Qatar doesn’t provide any bedding on this flight, but the seat was comfortable enough for a couple hours of nap time. Before landing the crew served a refreshment meal. I went for the snapper with szechuan noodles, which wasn’t life changing. The noodles were soggy and drowned in sauce. Come to think of it, I’ve yet to have a Qatar meal that impresses me, as even my previous experiences were quite underwhelming.
We landed in Doha on time and, surprisingly, did not taxi to a remote gate (I’ve become so used to remote gates in the Middle East where airline growth has outstripped airport capacity).
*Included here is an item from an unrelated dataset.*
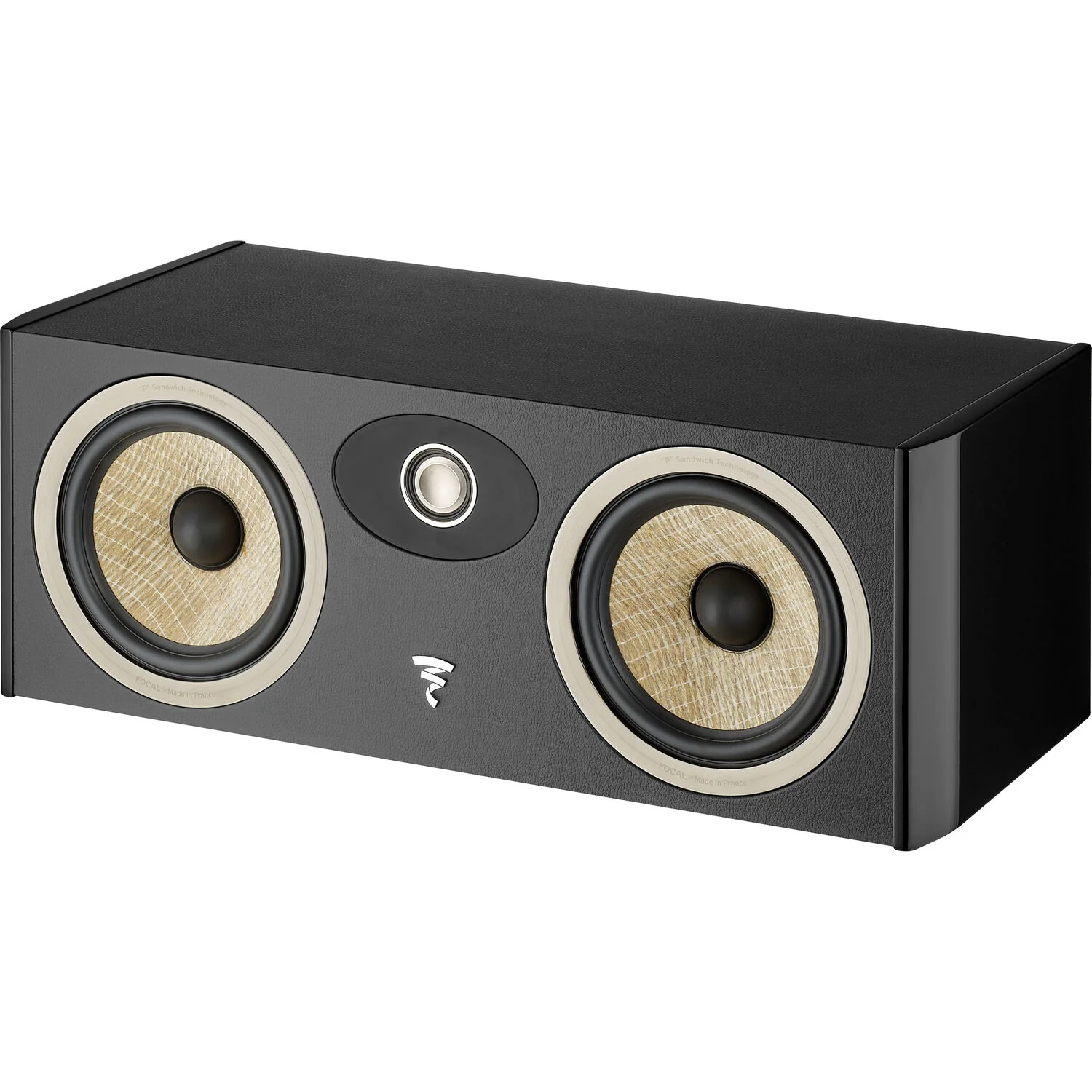 Focal Aria Evo X Two-Way Center Channel Speaker (High-Gloss Black) - Image 4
If you look at Qatar’s current fleet, you’ll see that just under 60% of its aircraft are configured with 1-2-1 full flat seats. 40% (the 77L and 77Ws) have the 2-2-2 seating that this flight had.
The plan is that the 77W fleet will get retrofitted with the QSuites, and that retrofit cannot happen soon enough. 2-2-2 on long haul flights is simply not good enough for any airline that wants to compete with the best in the world. The current seat lacks privacy, storage space and doesn’t give off the vibe you’d expect from a premium airline.
Fortunately, on my connecting flight to Philly I’d get to experience Qatar’s A350, and that was a completely different story…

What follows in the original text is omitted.